*** SUPPLIED RECORDS
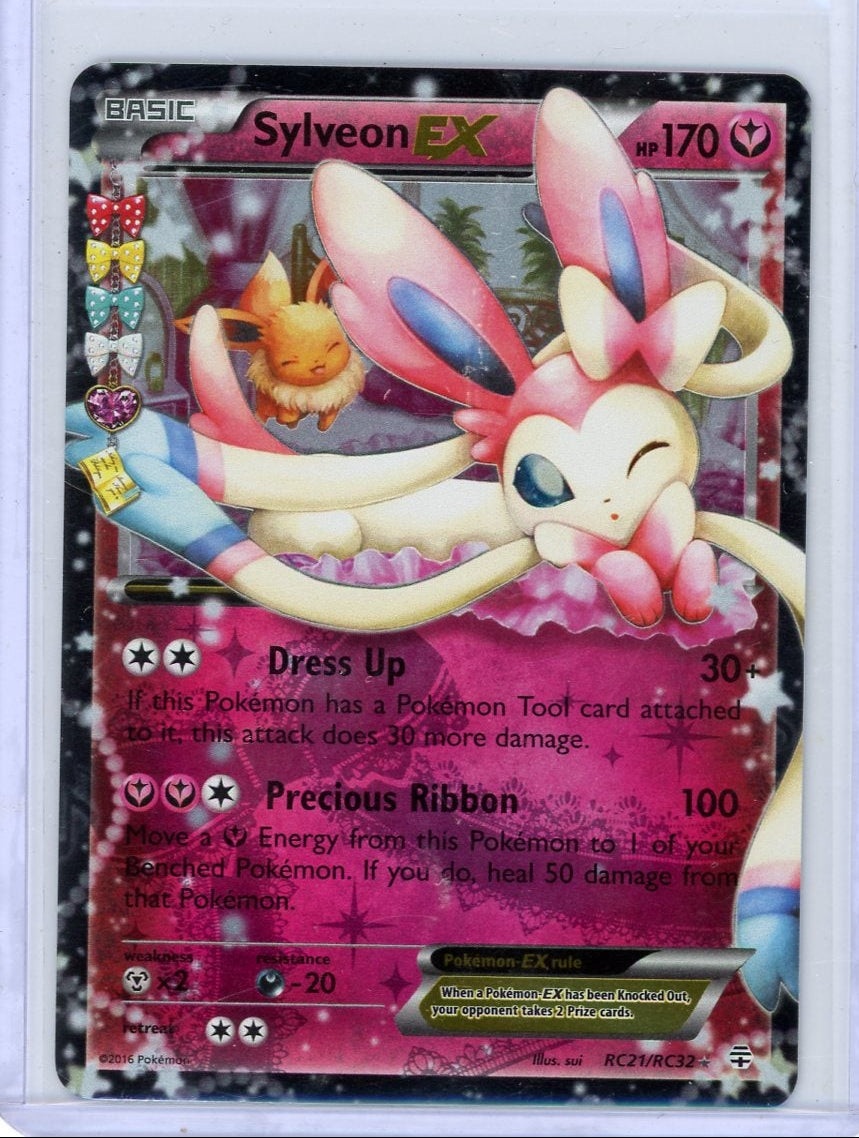 Sylveon EX Pokémon Generations Radiant Collection Ultra Rare #RC21/RC32 NM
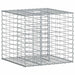Pat ridicat din gabion Argintiu 60 x 60 x 55 cm Oțel Galvanizat - WALTI WALTI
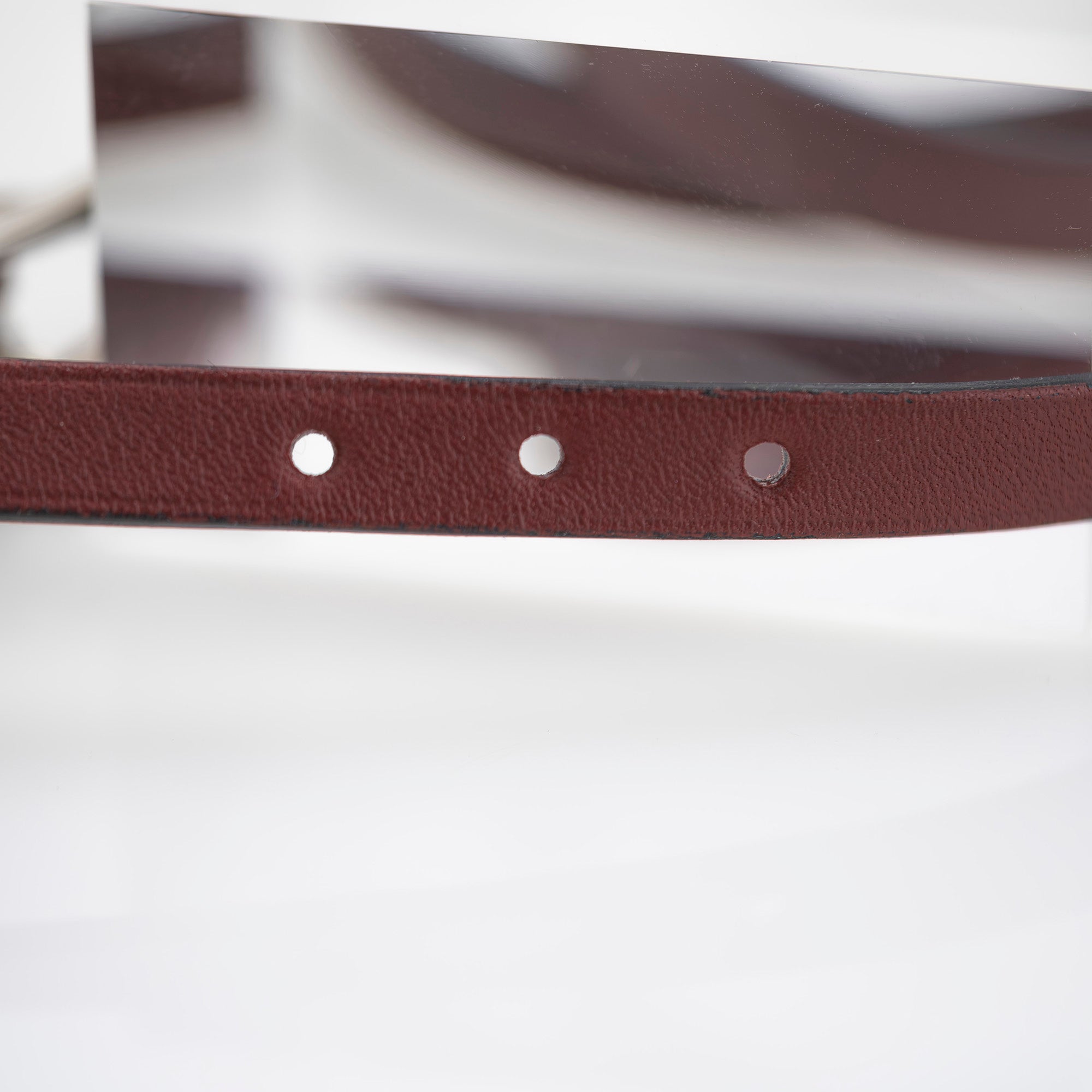 HERMES Hapi3 Leather Bracelet, J Stamp, Made in 2006, Rouge H x Silver Hardware, Excellent Condition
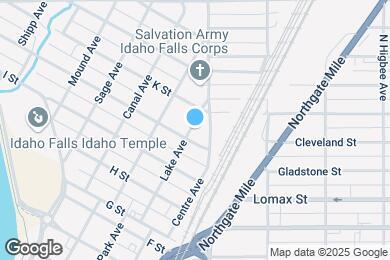 Map image of the property - 1348 1/2 Lake Ave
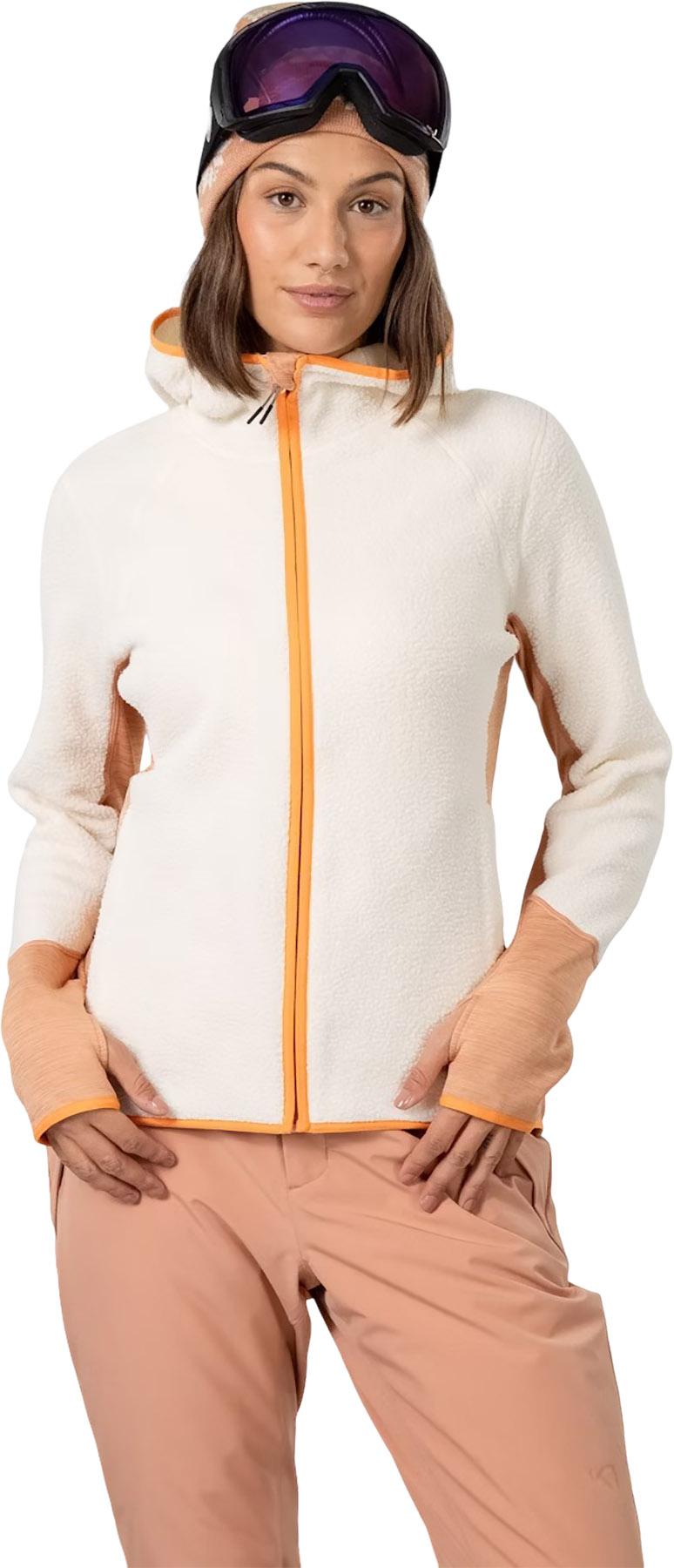 Numéro de l'image de la galerie de produits 4 pour le produit Manteau en molleton à capuchon et manches longues Ragnhild Ski - Femme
******
== EXERCISE REQUIREMENTS ==
Repeat the data word for word, minus any pictures.

== OUTPUT FOR THIS EXERCISE ==
 Sylveon EX Pokémon Generations Radiant Collection Ultra Rare #RC21/RC32 NM
Pat ridicat din gabion Argintiu 60 x 60 x 55 cm Oțel Galvanizat - WALTI WALTI
 HERMES Hapi3 Leather Bracelet, J Stamp, Made in 2006, Rouge H x Silver Hardware, Excellent Condition
 Map image of the property - 1348 1/2 Lake Ave
 Numéro de l'image de la galerie de produits 4 pour le produit Manteau en molleton à capuchon et manches longues Ragnhild Ski - Femme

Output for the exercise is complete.